Palmer amaranth is an aggressive southern weed that can grow at the two inches per day and out-compete corn, cotton, soybeans, and other crops for production inputs at the cost of tfull yield potential.
To make matters even worse, the weed has built up resistance to glyphosate, the main herbicide used to control it, prompting a search for alternatives.
One possibility being explored by Agricultural Research Service  scientists in Stoneville, Miss., is the fungus Myrothecium verrucaria. Prior studies conducted there by Doug Boyette, Robert Hoagland, and others demonstrated Myrothecium’s potential as a biologically based herbicide against sicklepod, kudzu, hemp sesbania, and other weeds. (See “Formidable Fungus Goes Toe to Toe With Kudzu ,” Agricultural Research, July 2009.)
Now, based on recent greenhouse trials, it appears the fungus will also infect and kill or weaken Palmer amaranth, including weed biotypes that can resist glyphosate and other herbicides, such as triazines.
According to Hoagland, a chemist in ARS’s Crop Production Systems Research Unit, Myrothecium attacks its weedy host’s leaf and stem tissues, causing wilt, necrotic lesions, loss of chlorophyll, and other disease symptoms that can kill young plants and weaken older ones, rendering them less competitive with crops.
To test the infectivity of Myrothecium, the researchers used a filamentous growth stage of the fungus known as “mycelium” and sprayed a mycelial-surfactant formulation onto two batches of 4-week-old Palmer amaranth seedlings: those with glyphosate resistance and those without.
They repeated the same procedure for 6-week-old plants. All groups were visually checked for symptoms over the experiment’s 7-day (168-hour) period and weighed for reductions in shoot growth.
Seedlings were most susceptible, with all plants exposed to a full-strength application of the fungus showing disease symptoms. By 48 to 72 hours, nearly 100 percent had died. In 6-week-old plants, symptoms progressed more slowly, but there was no significant difference in injury between glyphosate-resistant and glyphosate-susceptible plants.

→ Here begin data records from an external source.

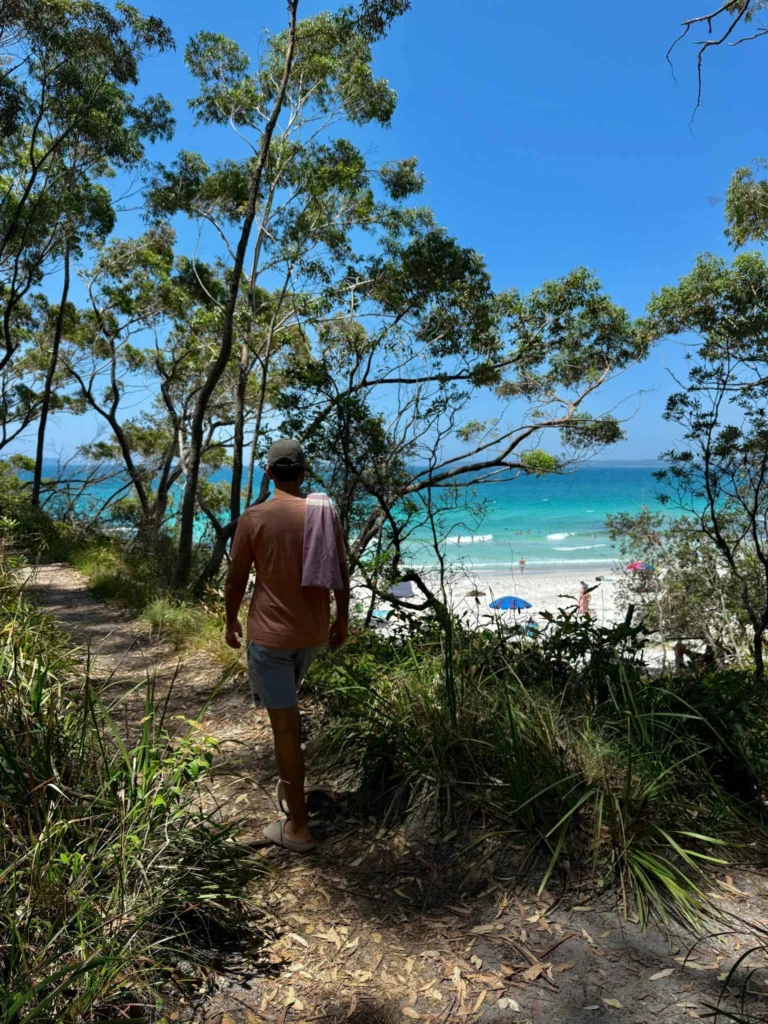 white-sands-walk-Jervis-bay recorriendo el White Sands Walk en Jervis Bay
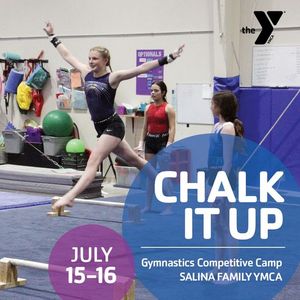 Chalk It Up at the YMCA Gymnastics Competitive Camp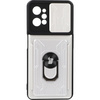 Etui Bizon Case Camshield Card Slot Ring do Realme C31, białe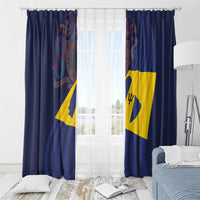 Barbados Independence Day Window Curtain National Flag Design - Wonder Print Shop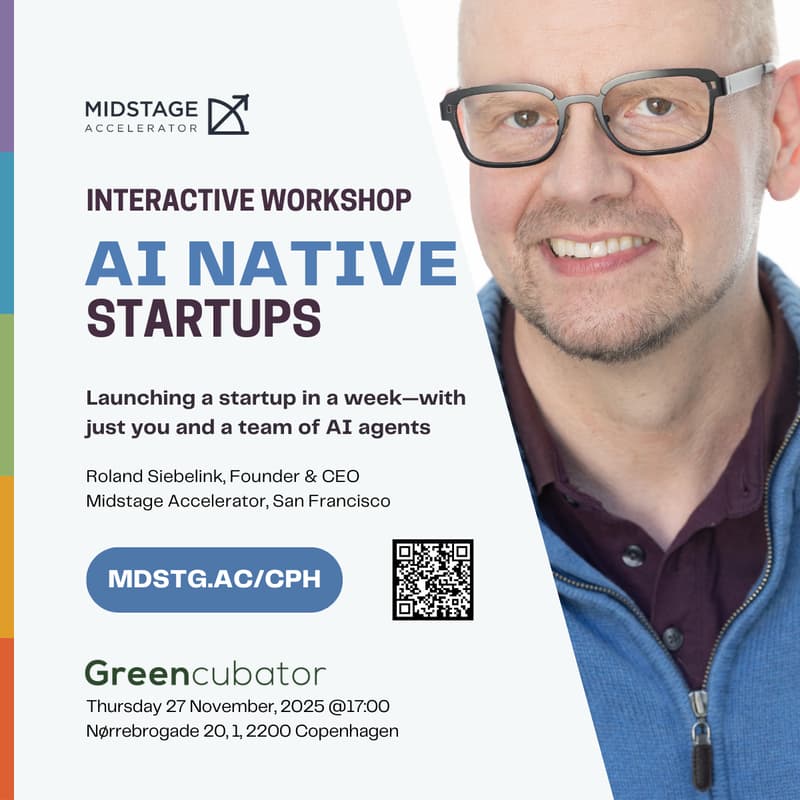 Cover Image for AI-Native Startup Workshop / de ægte AI-drevet startup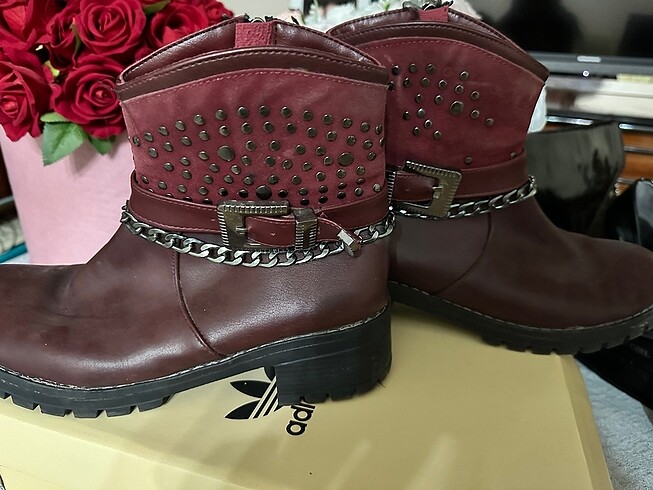 40 Beden Bordo vintage bot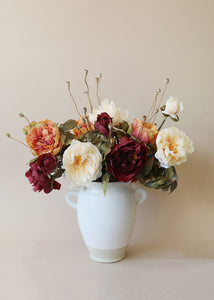 Artificial Peony Fall Flower in Beige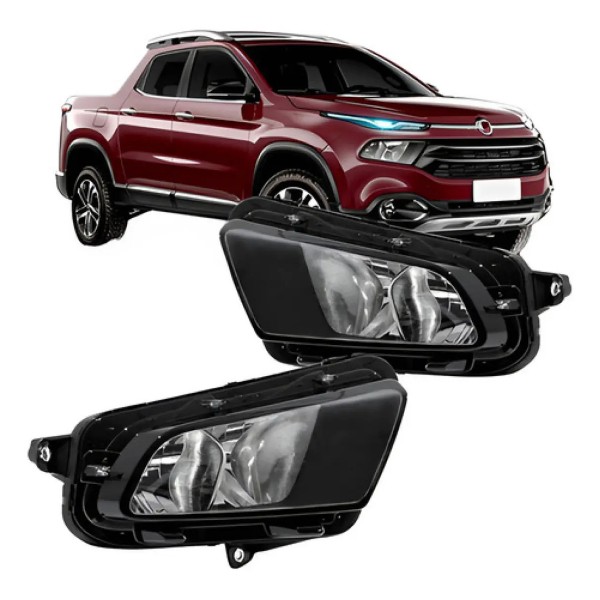 Par Farol Fiat Toro 2016 2017 2018 Modelo Original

Both groups showed disease symptoms, most notably chlorosis, some necrosis, and stunted growth.
The findings, which were published in the March 2013 Allelopathy Journal, mark the first report of Myrothecium’s bioherbicidal activity against a weed species with glyphosate resistance. The research is a continuation of prior studies at Stoneville and elsewhere evaluating Myrothecium’s host specificity, environmental safety, ease of production, and optimal delivery.

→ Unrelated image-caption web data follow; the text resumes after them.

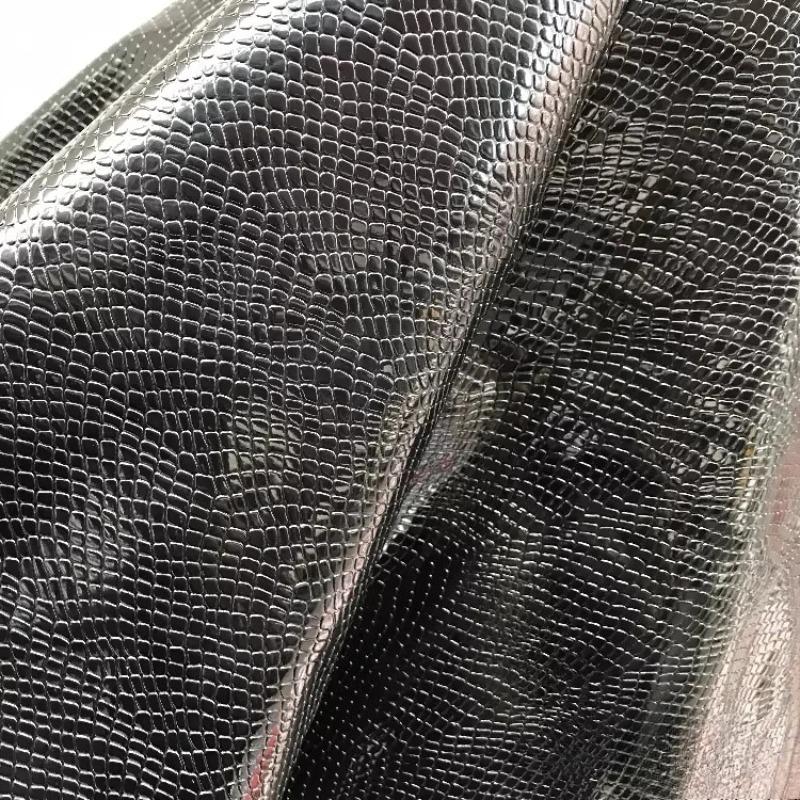 100x137cm Leather Dragon Scale Metal Fabric Artificial PU Eco-friendly Soft Fabric For handmade DIY Background Wall Hard Bag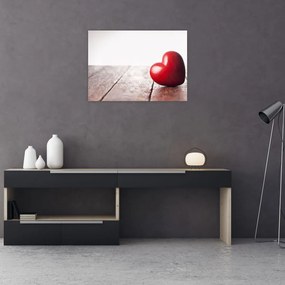 Tablou - Inima din lemn (70x50 cm)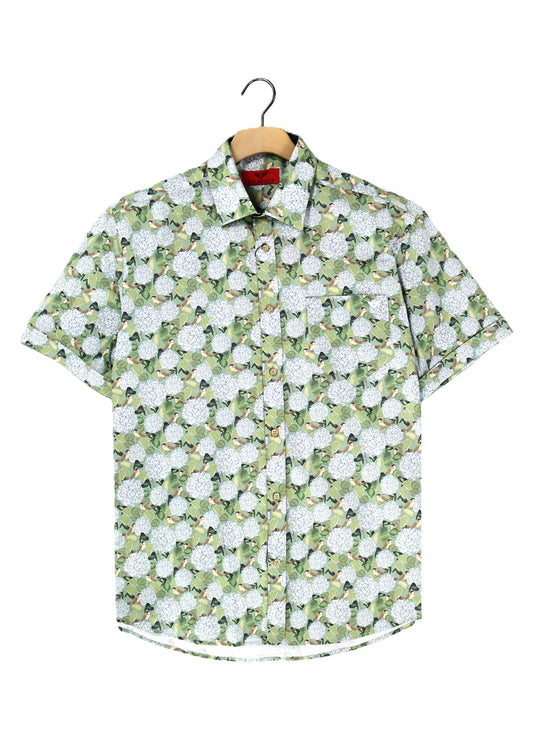 R.F. Scott - Fields Short Sleeved Shirt - Pear Tree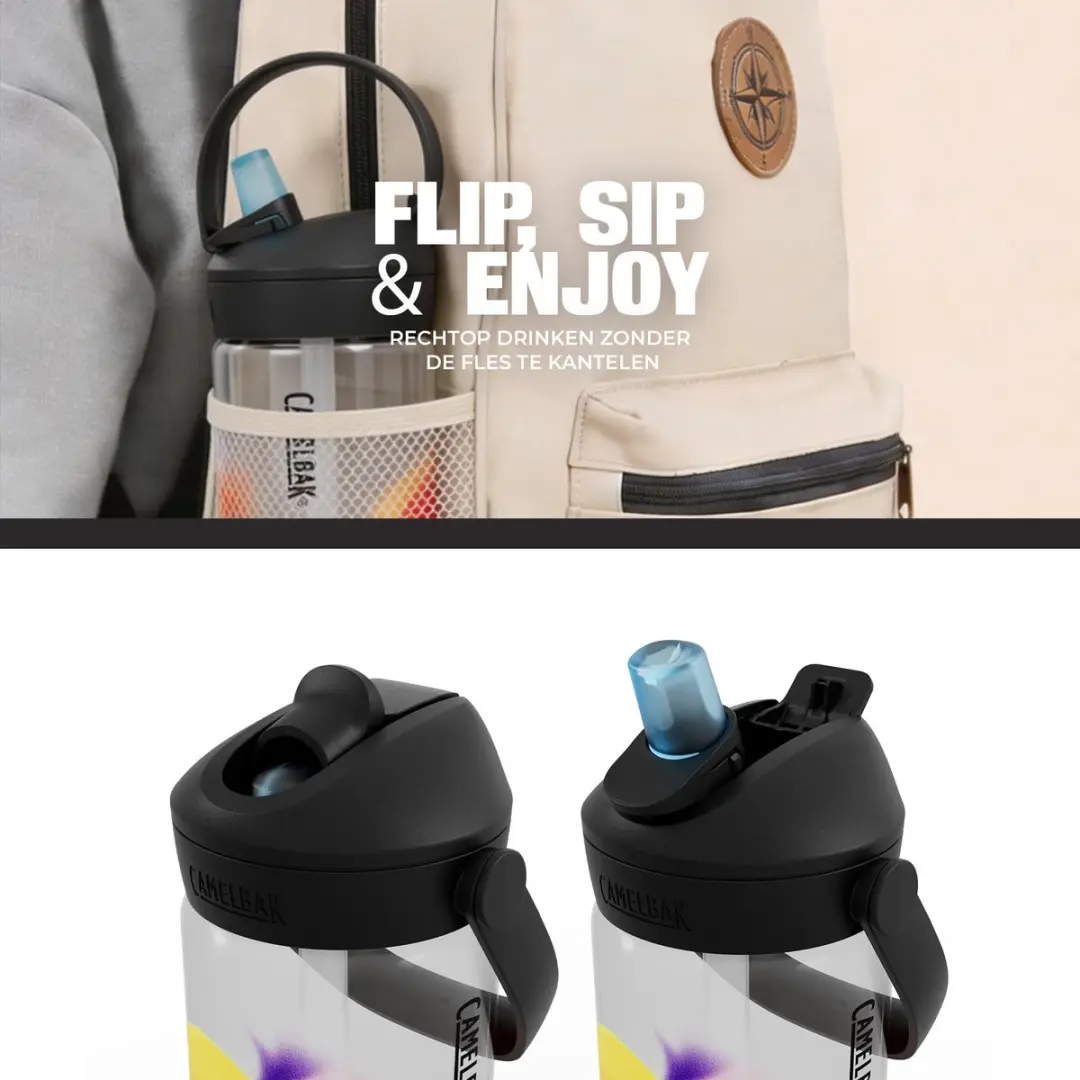 CamelBak Thrive Flip Straw Kids Drinkfles 400ml - CB2860901041 - Transparant - afbeelding 6 van 6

On a related front, the researchers are scrutinizing the genetic and biochemical mechanisms under-pinning herbicide resistance in Palmer amaranth and other weeds.
They have also begun studies on a strain of Xanthomonas bacteria found to infect the leaves of common cocklebur, marestail (or horseweed), and other herbicide-resistant threats to southern crops and potential targets for bioherbicide use.